Christmas Bonuses are a once off payment made to the employee during the Christmas period in addition to their average salary. Though not legally obliged to, employers often provide this bonus to encourage loyalty, increase productivity or to say thank you for all the hard work and give people a bit extra to spend at this expensive time of the year. However, as an employer you need to understand the tax payable on such bonus, which we have outlined below;
If you provide your employee with a Christmas Bonus in the form on cash, this bonus is still treated and taxed as if was earned via overtime or as a bonus at any other time of the year. Therefore the total amount is chargeable to Income Tax (IT), Universal Social Charge (USC) and Pay Related Social Insurance (PRSI).

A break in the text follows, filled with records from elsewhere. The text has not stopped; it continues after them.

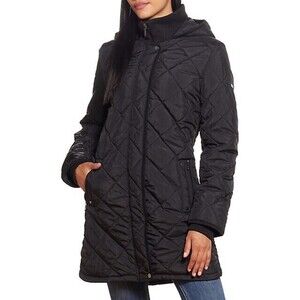 Weatherproof Women's Hooded Midweight Quilted Walker Jacket In Black Size M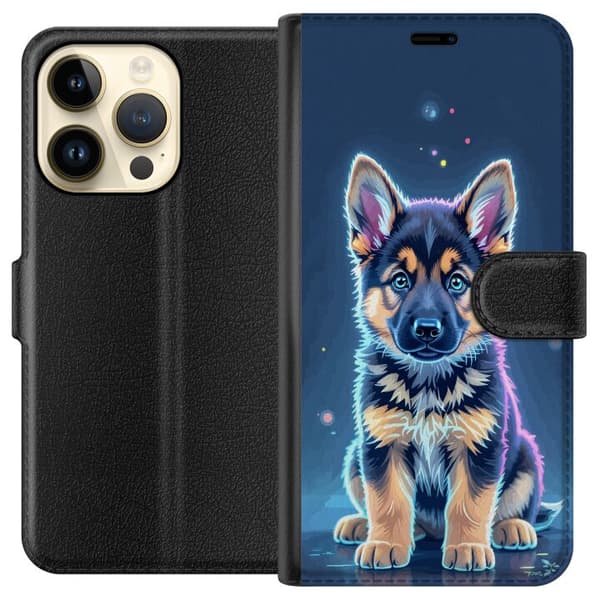 Kompatibelt Lommeboketui til Apple iPhone 14 Pro Neonlyst schäfervalp med blå og lilla lys-effekter blå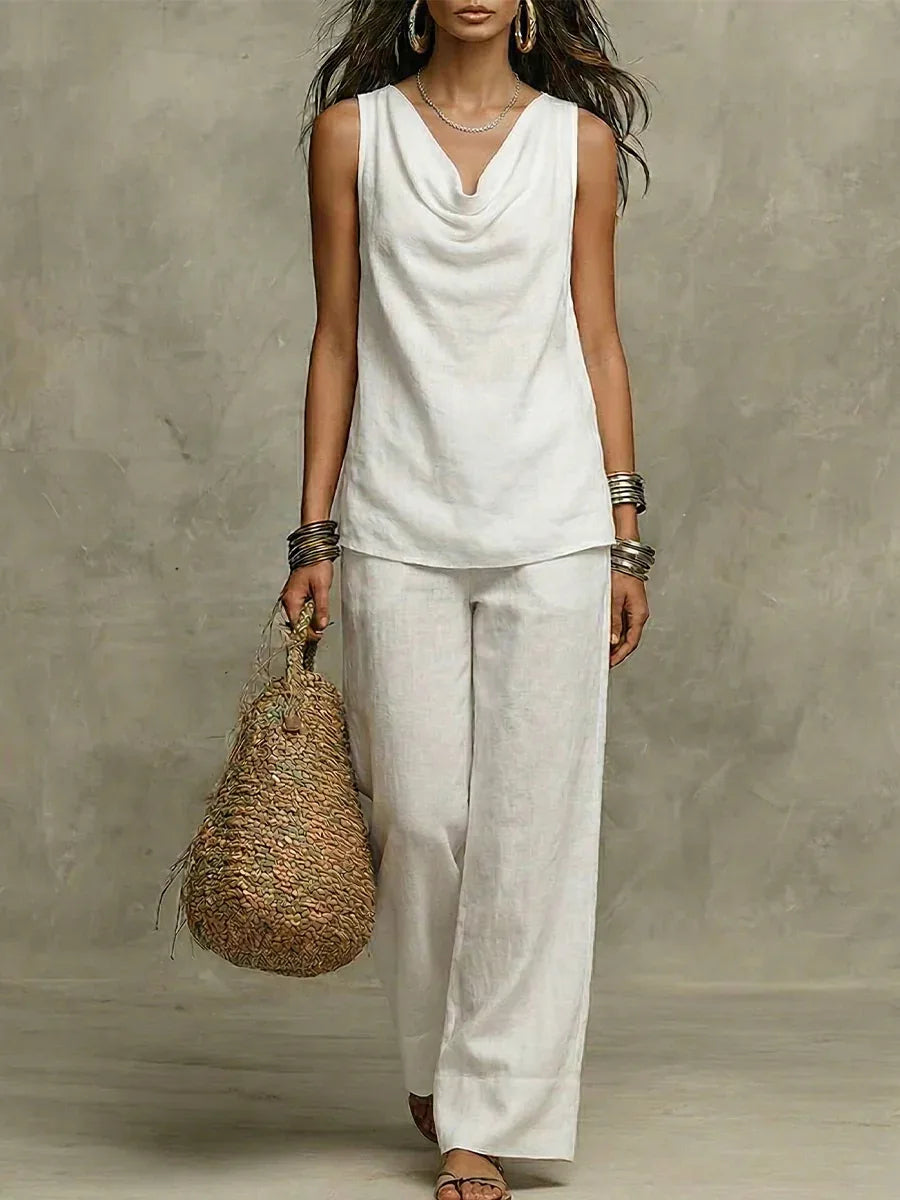 Cowl Neck Sleeveless Top and Wide Leg Pants Two Piece Set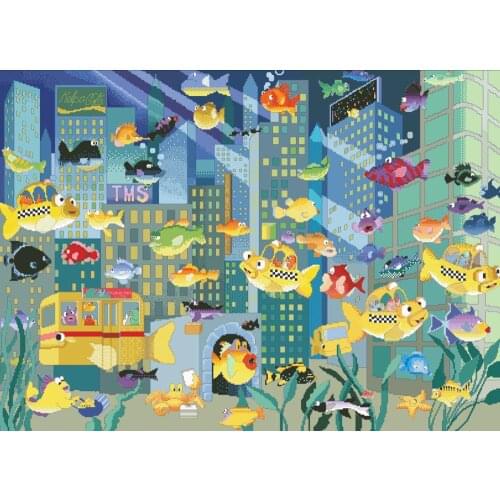 Fish city cross stitch package flowers 18ct 14ct 11ct cloth cotton thread embroidery DIY handmade needlework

Bonus payments are calculated as such:
- The pay is taxed at the standard rate of tax up to the rate band limit
- The pay above the rate band limit is taxed at the higher rate of tax
- The two amounts above together are added together
- This amount is then reduced by the tax credits to give the amount of tax due.
For those who wish to provide a bonus to their employees in a more modest way can avail of the Small Benefits Exemption Scheme. This scheme means company directors and employees can receive a non-cash bonus of up to €500 on a tax-free basis annually. As the payment must be non-cash, the most common way to avail of this scheme by using gift vouchers. However, there are conditions to be aware of when availing of this scheme:
- The benefit cannot be cash.
- The gift voucher must be purchased from the company funds, e.g. company bank account or company credit card.
- The director or employee cannot purchase a voucher themselves and seek reimbursement from the company.
- Only one such benefit can be given to an employee in each tax year.
- Where a bonus exceeds the €500 limit, the full value is subject to tax.
No matter what form of bonus you choose to use, whether with cash or vouchers, consider what would be the best for your employees. Full knowledge of tax on this matters means you can be more considerate of the final bonus amount your employee receives.